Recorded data
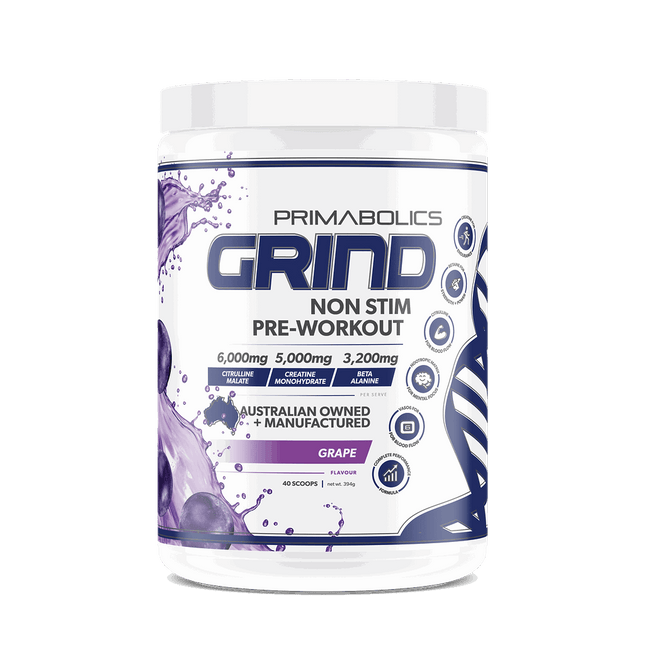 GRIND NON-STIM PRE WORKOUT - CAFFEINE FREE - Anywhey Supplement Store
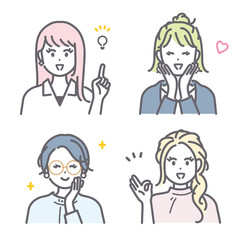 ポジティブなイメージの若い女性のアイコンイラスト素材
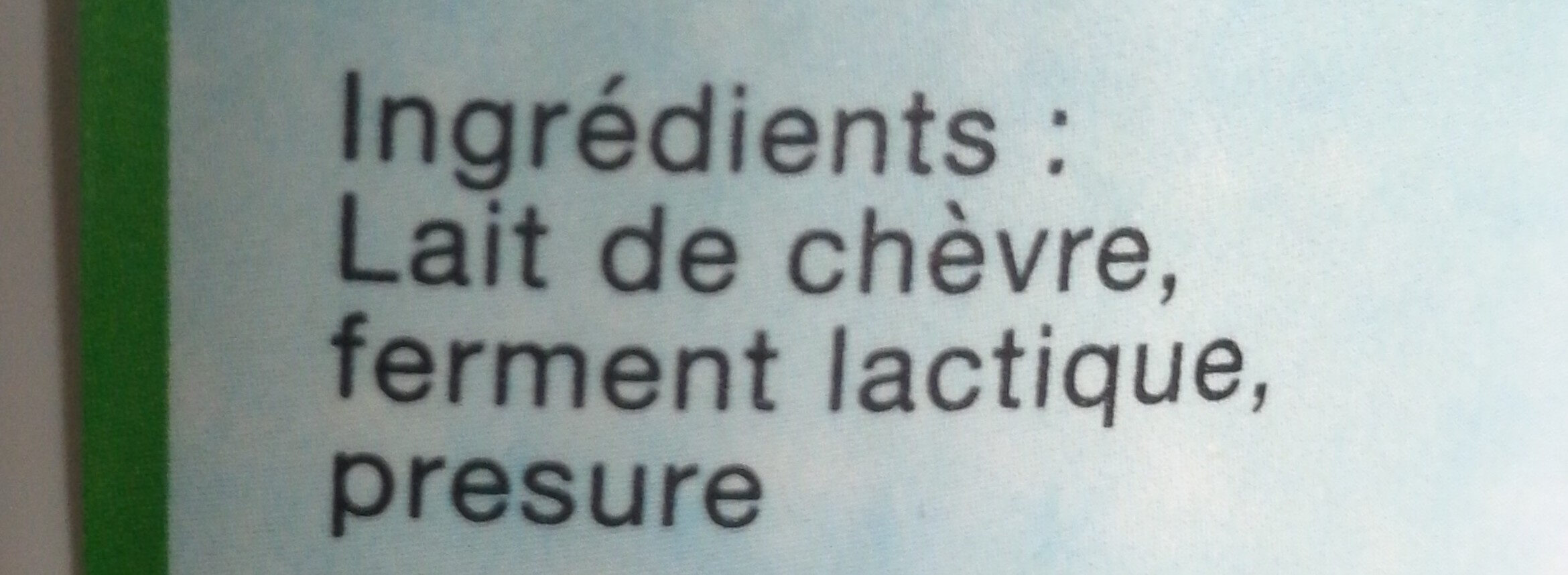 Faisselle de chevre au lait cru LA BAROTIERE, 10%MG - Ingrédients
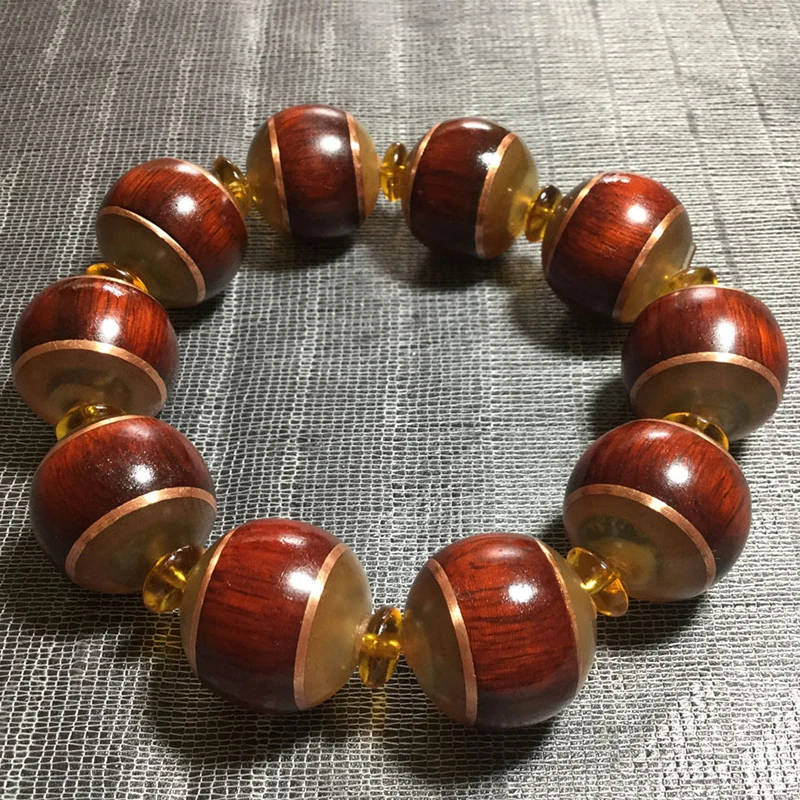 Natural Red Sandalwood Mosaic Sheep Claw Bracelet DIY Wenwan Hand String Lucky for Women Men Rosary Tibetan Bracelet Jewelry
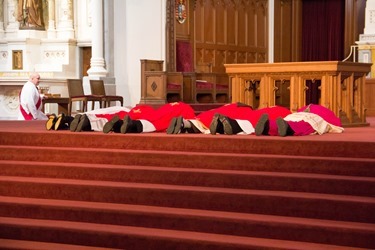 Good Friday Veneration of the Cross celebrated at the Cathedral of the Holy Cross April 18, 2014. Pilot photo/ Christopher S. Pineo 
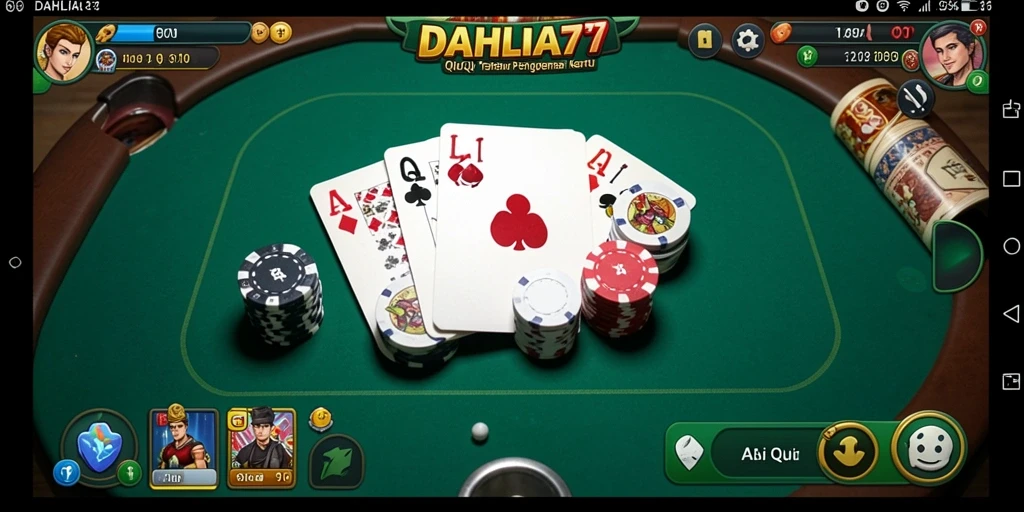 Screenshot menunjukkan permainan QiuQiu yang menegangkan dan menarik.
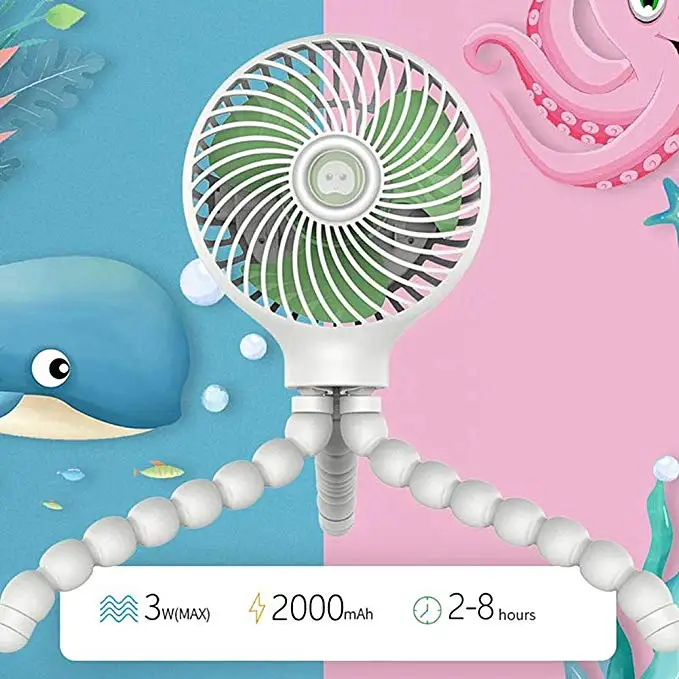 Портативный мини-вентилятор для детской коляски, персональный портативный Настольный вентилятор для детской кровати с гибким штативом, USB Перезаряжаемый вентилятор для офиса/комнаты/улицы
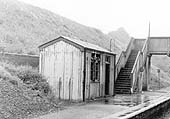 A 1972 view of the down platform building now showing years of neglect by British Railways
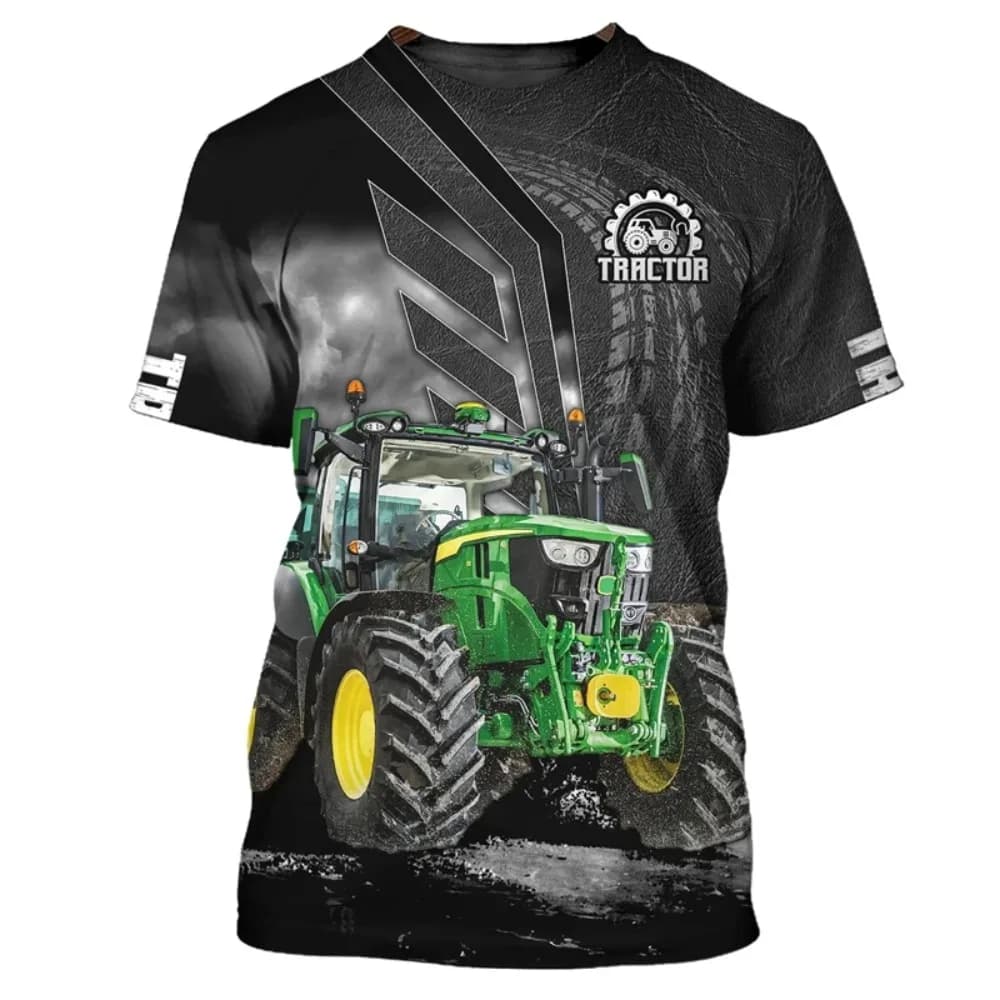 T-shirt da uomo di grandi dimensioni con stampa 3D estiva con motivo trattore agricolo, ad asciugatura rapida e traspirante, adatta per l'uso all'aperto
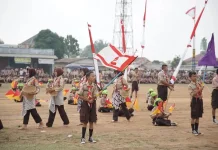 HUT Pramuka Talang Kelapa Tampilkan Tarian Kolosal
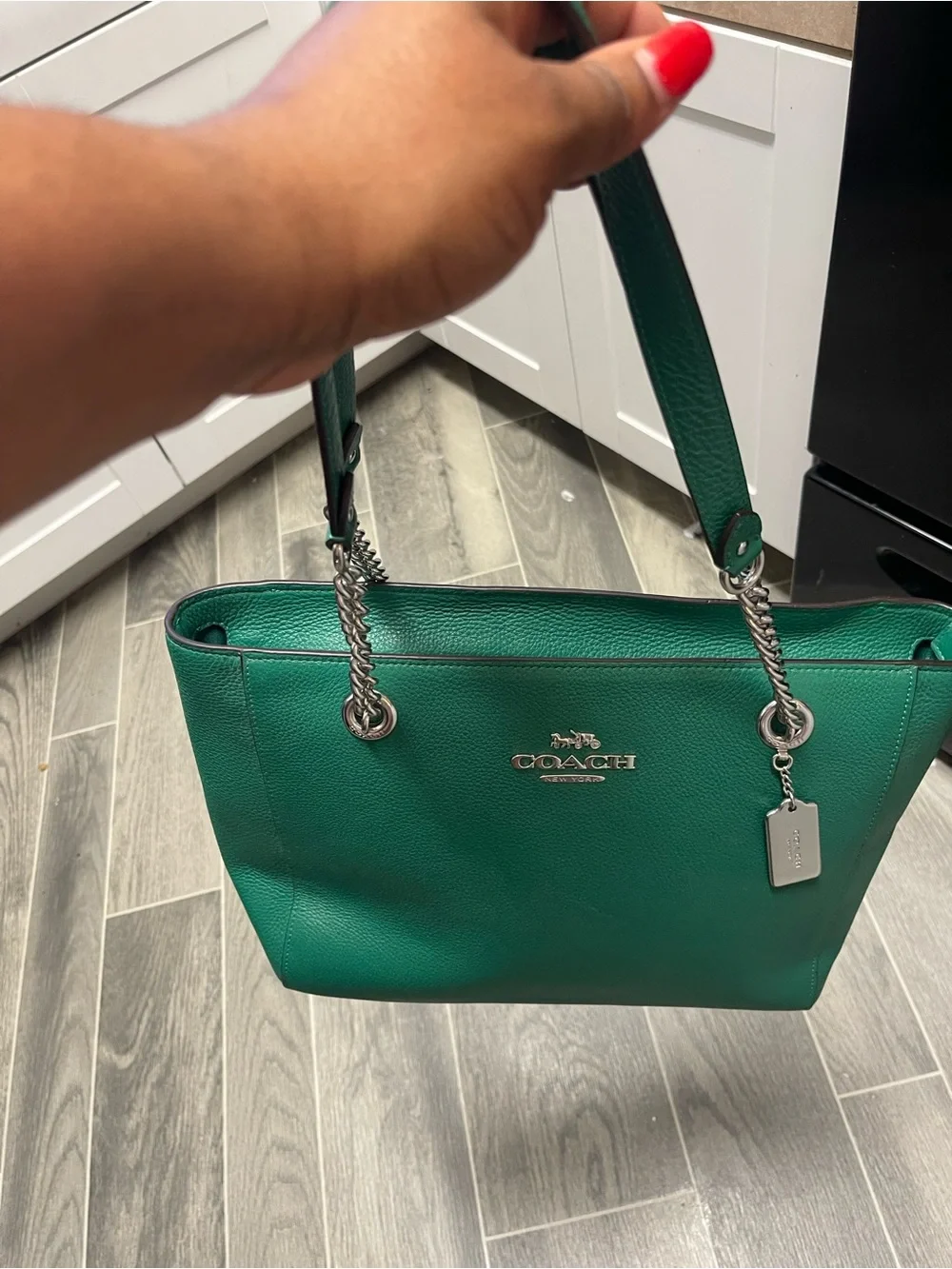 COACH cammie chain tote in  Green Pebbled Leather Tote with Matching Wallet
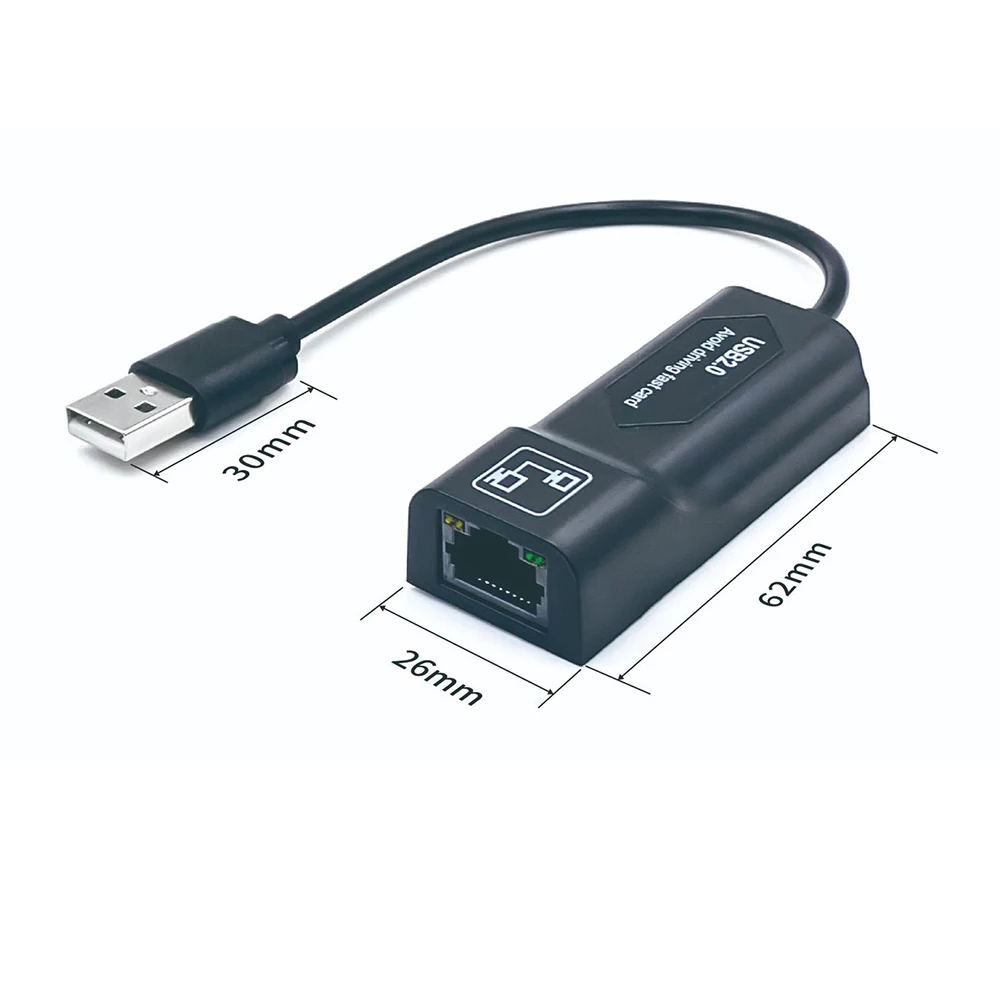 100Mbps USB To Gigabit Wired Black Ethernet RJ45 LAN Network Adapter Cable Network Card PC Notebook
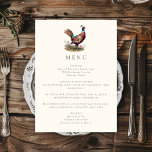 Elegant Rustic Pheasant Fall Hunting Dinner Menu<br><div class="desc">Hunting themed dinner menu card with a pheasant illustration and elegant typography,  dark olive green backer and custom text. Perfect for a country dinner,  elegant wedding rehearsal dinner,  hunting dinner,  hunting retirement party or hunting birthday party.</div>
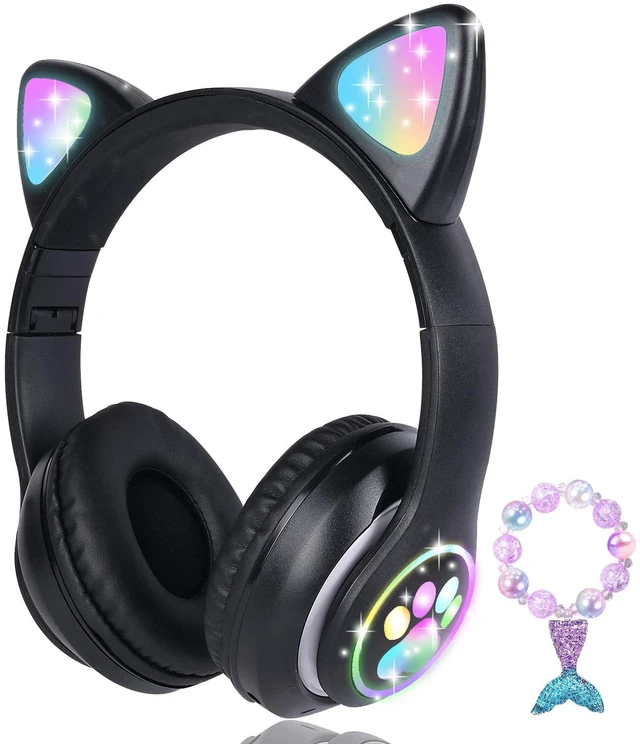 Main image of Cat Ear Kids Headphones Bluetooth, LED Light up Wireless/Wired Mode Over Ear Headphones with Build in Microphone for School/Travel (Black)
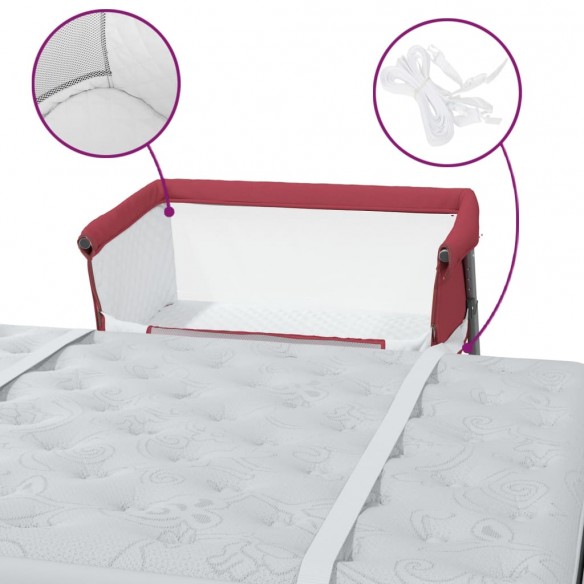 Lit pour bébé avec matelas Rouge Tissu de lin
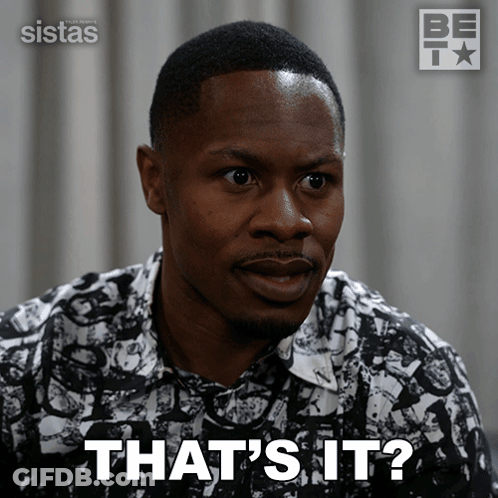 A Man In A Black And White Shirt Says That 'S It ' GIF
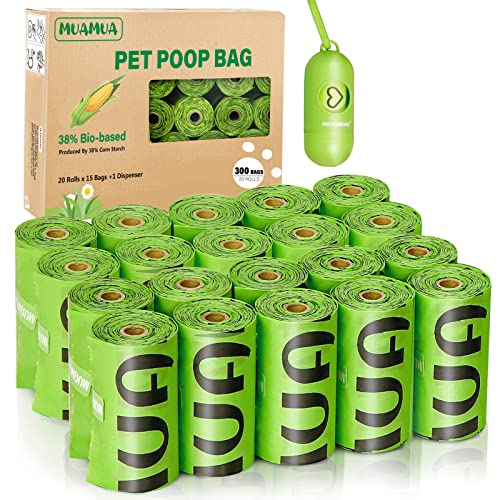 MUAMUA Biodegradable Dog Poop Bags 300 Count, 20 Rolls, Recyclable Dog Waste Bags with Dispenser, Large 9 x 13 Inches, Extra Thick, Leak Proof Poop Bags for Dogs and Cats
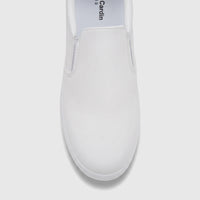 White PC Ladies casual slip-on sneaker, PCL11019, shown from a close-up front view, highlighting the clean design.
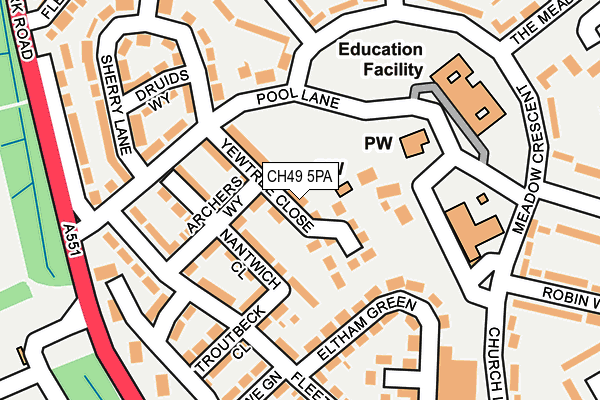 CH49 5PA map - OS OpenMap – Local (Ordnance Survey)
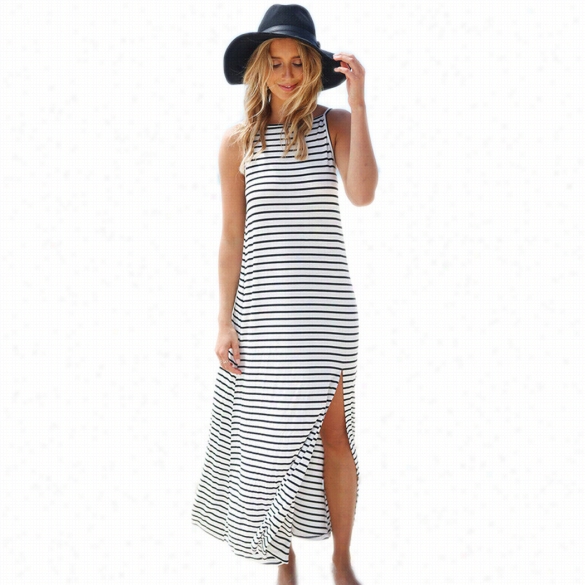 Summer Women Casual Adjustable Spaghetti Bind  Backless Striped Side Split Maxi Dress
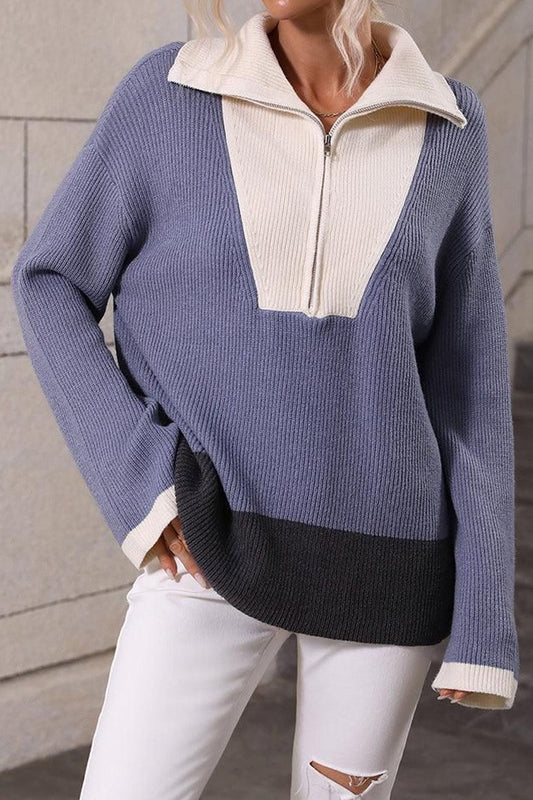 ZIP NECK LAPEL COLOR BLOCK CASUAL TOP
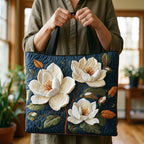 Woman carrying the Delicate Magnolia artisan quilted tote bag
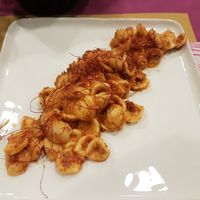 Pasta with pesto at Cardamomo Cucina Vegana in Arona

Exercise prompt
Print nothing except the lines above from the one containing "Портативный мини-вентилятор для" down to the one containing "T-shirt da uomo", both included, exactly as written and free of pictures.

Task response
 Портативный мини-вентилятор для детской коляски, персональный портативный Настольный вентилятор для детской кровати с гибким штативом, USB Перезаряжаемый вентилятор для офиса/комнаты/улицы
 A 1972 view of the down platform building now showing years of neglect by British Railways
 T-shirt da uomo di grandi dimensioni con stampa 3D estiva con motivo trattore agricolo, ad asciugatura rapida e traspirante, adatta per l'uso all'aperto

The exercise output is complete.